*Instructions for the task*: From the records that follow, return exactly the lines beginning at the one that contains "bathroom featuring vanity" and ending at the one that contains "Churchyard with people", pictures left out.

#### Data for the task

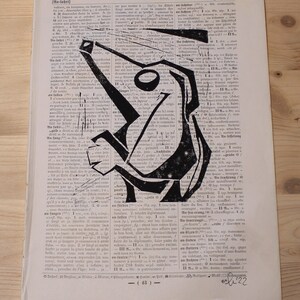 Könnte beinhalten: Abstrakte schwarze Tinte Zeichnung auf einer Vintage-Buchseite. Das Kunstwerk zeigt eine geometrische Figur mit einem kreisförmigen Element, vor einem Hintergrund aus gealtertem Text.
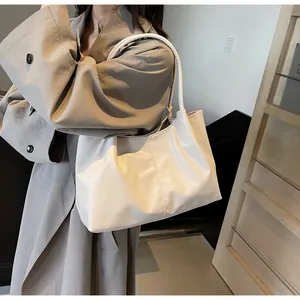 Close-up of a white pleated tote bag showing the soft faux leather texture and handle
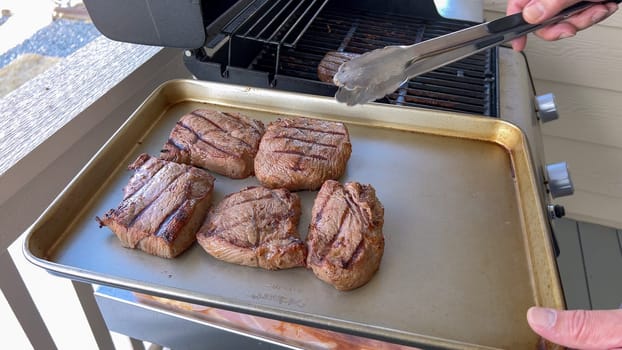 Several thick steaks with grill marks cooking to perfection on an outdoor grill, capturing the essence of a sunny barbecue day.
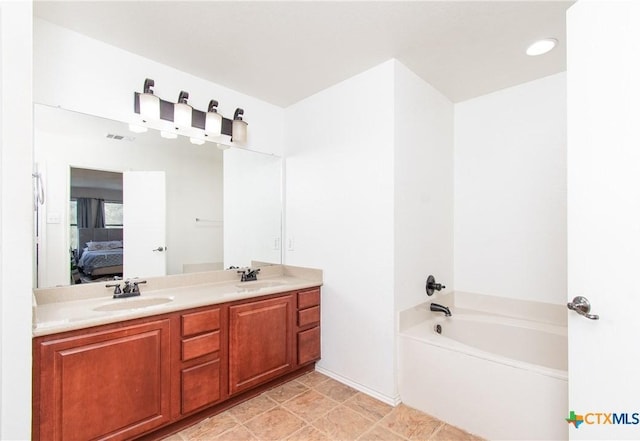 bathroom featuring vanity and a tub to relax in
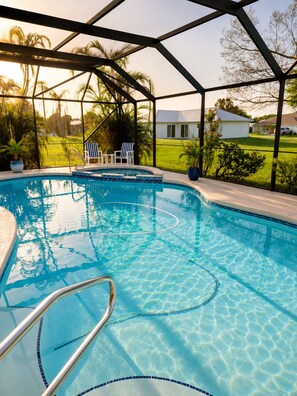 Outdoor pool, a heated pool - Casa Azul 4 Br/2Ba Pool Home, Sleeps 10 (Port St. Lucie)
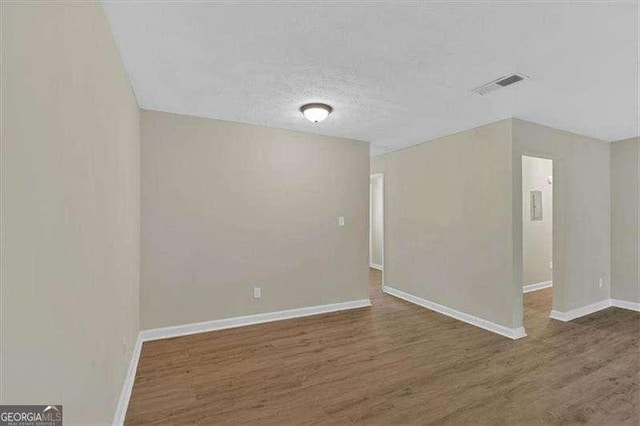 spare room featuring baseboards, a textured ceiling, visible vents, and wood finished floors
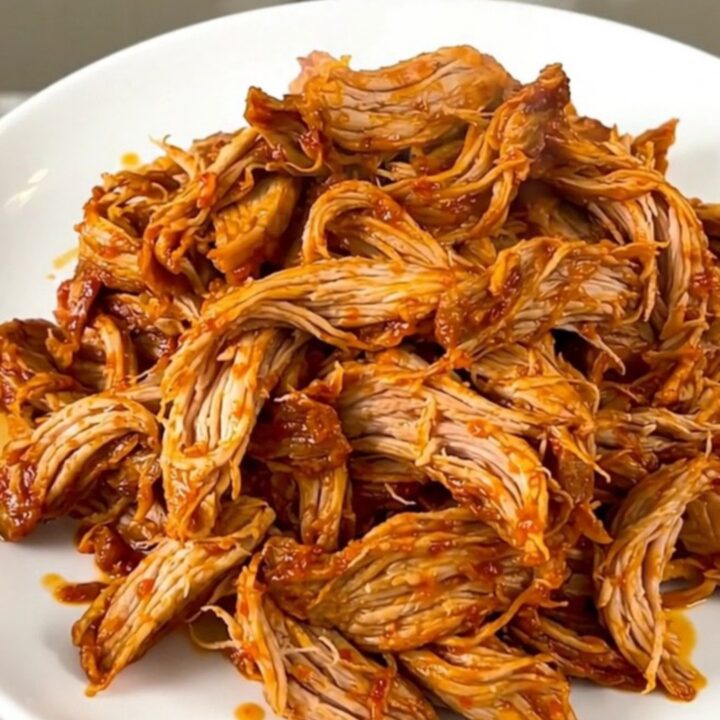 A slow cooker filled with tender, shredded pollo asado served on a white plate.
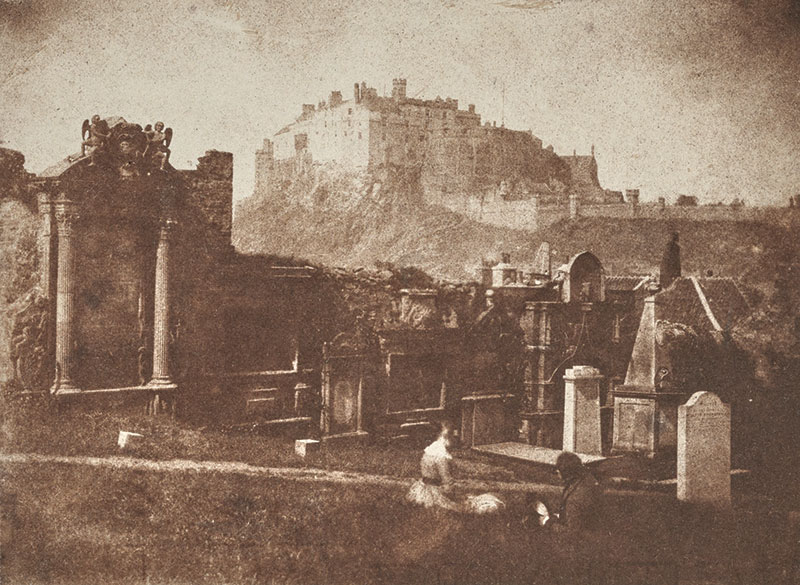 Churchyard with people seated on ground and castle in background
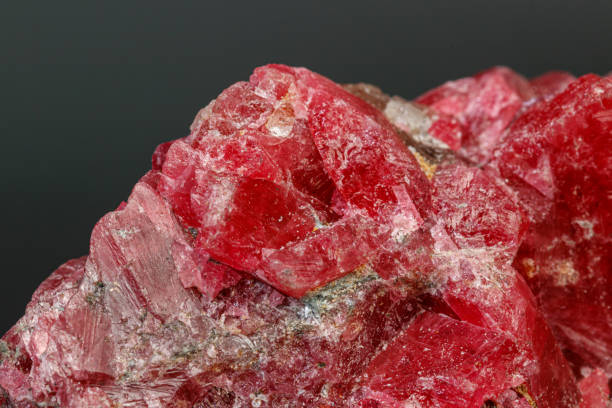 istock macro mineral stone Rhodochrosite on a black background 1189574548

########

*Problem solution*:
 bathroom featuring vanity and a tub to relax in
 Outdoor pool, a heated pool - Casa Azul 4 Br/2Ba Pool Home, Sleeps 10 (Port St. Lucie)
 spare room featuring baseboards, a textured ceiling, visible vents, and wood finished floors
 A slow cooker filled with tender, shredded pollo asado served on a white plate.
 Churchyard with people seated on ground and castle in background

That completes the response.